Exercise prompt> Find the "Entrega de la" line in the records below and repeat it and every later line exactly, up to the last; do not include pictures.
━━━ Provided data ━━━
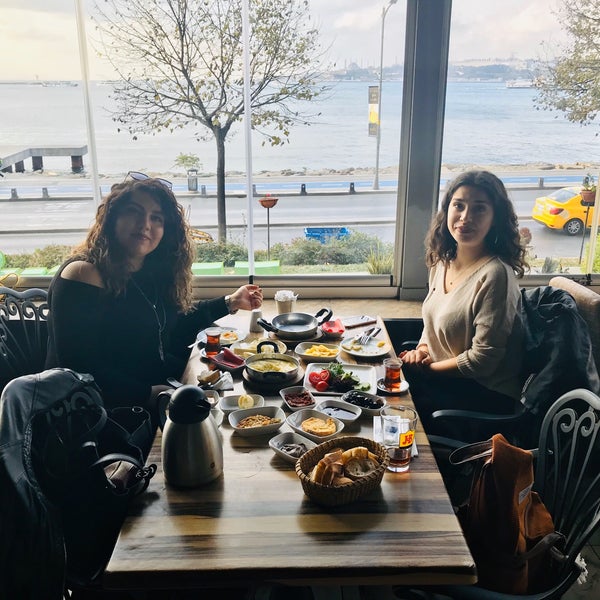 Foto diambil di Yeşilçam Cafe &amp; Bistro oleh Dilara D. pada 11/22/2019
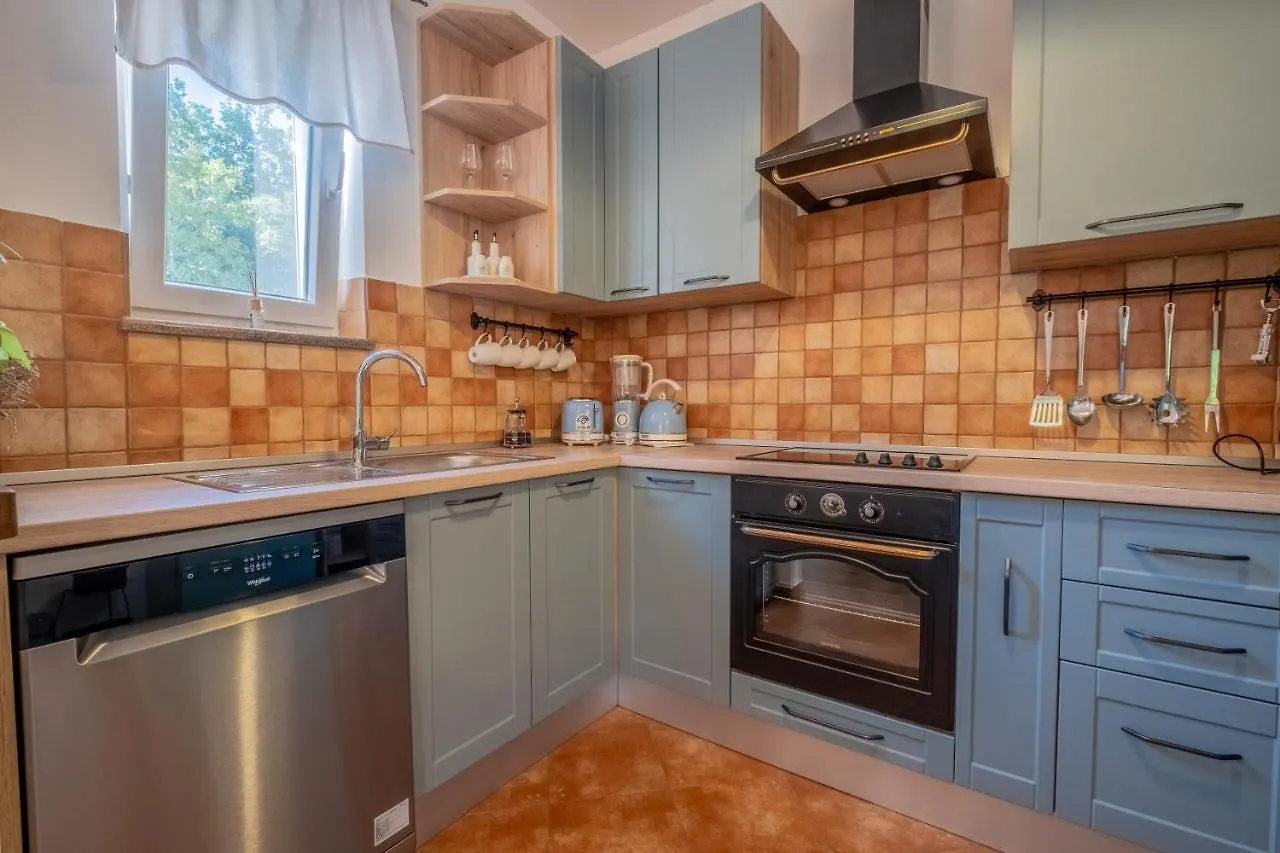Amazing 4 Bedroom Villa With Swimming Pool And Wifi, Family Frendly Tribalj  0*, Tribalj (Primorsko-Goranska)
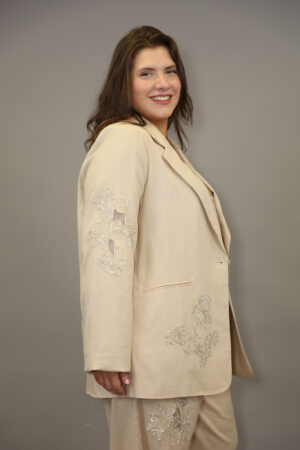 בלייזר קלאסי Noemi | בז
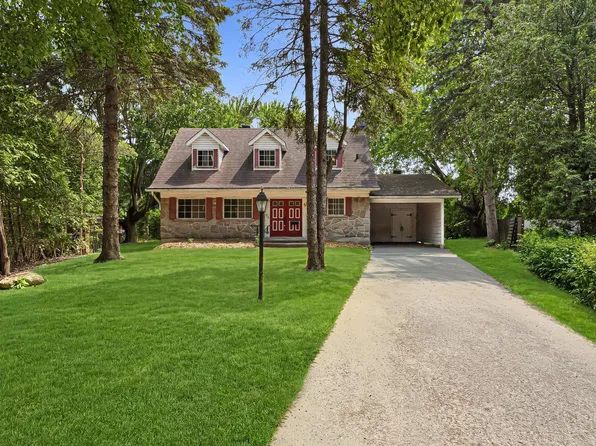34 Balzac Ave, Candiac, QC J5R 2A7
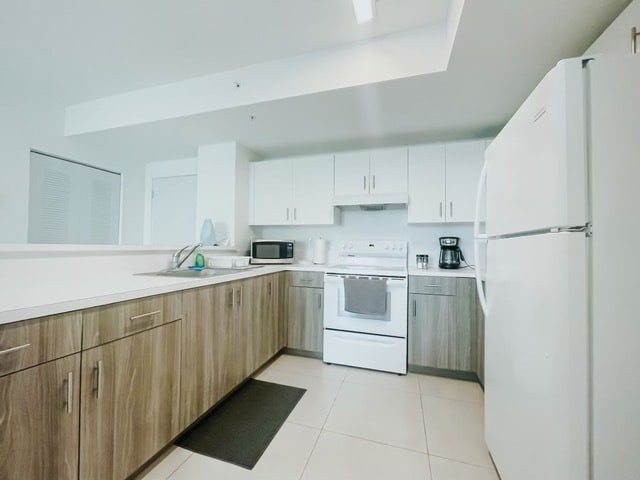 Kitchen layout varies by model - Parkview Apartments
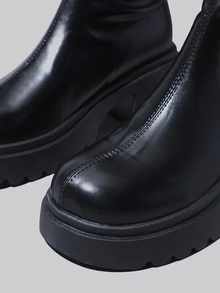 DareSee 搭配秋季服装，毛衣是完美之选；这款黑色高筒骑马靴简约时尚，适合秋冬季节，也是冬季礼物和音乐节的理想之选。 - 黑色 - 查看 8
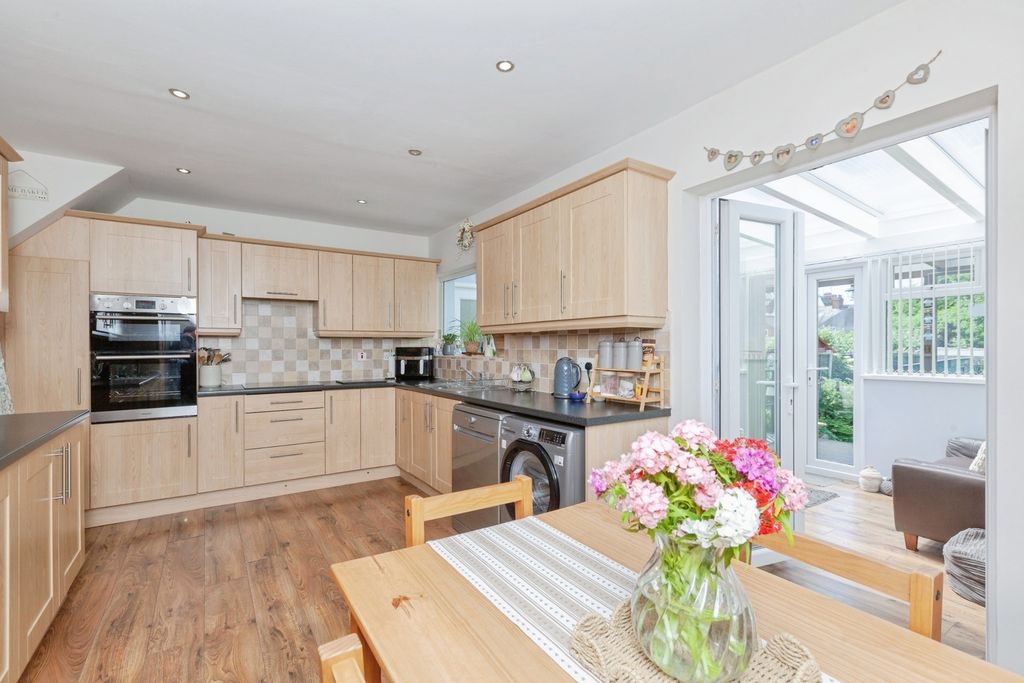 Property photo 2 of 16 Kitchen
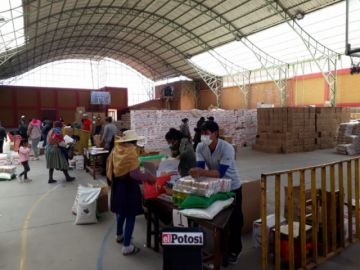 Entrega de la canasta estudiantil en la Unidad Educativa Cobija.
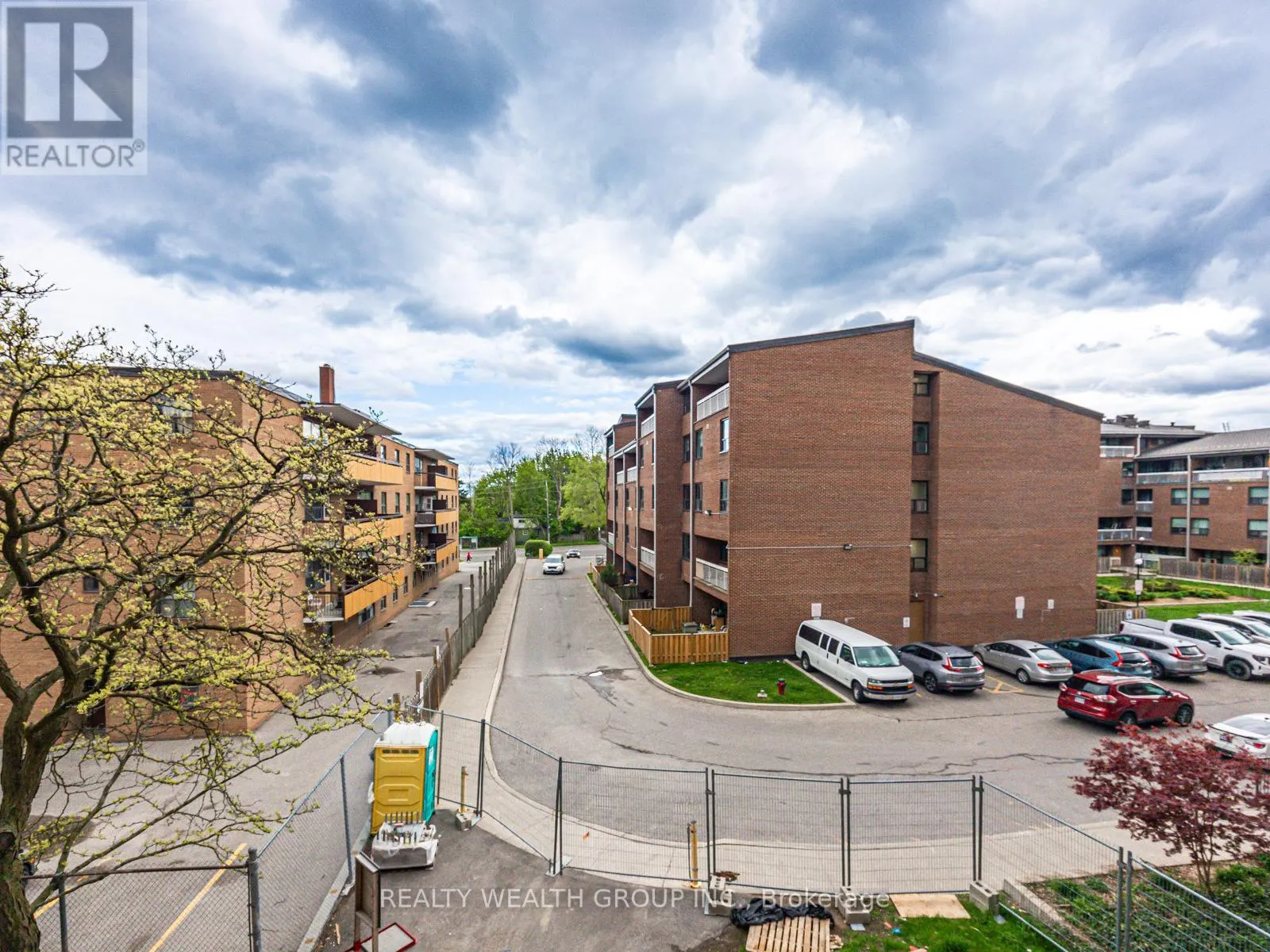 306 - 4062 LAWRENCE AVENUE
━━━
Written response>
 Entrega de la canasta estudiantil en la Unidad Educativa Cobija.
 306 - 4062 LAWRENCE AVENUE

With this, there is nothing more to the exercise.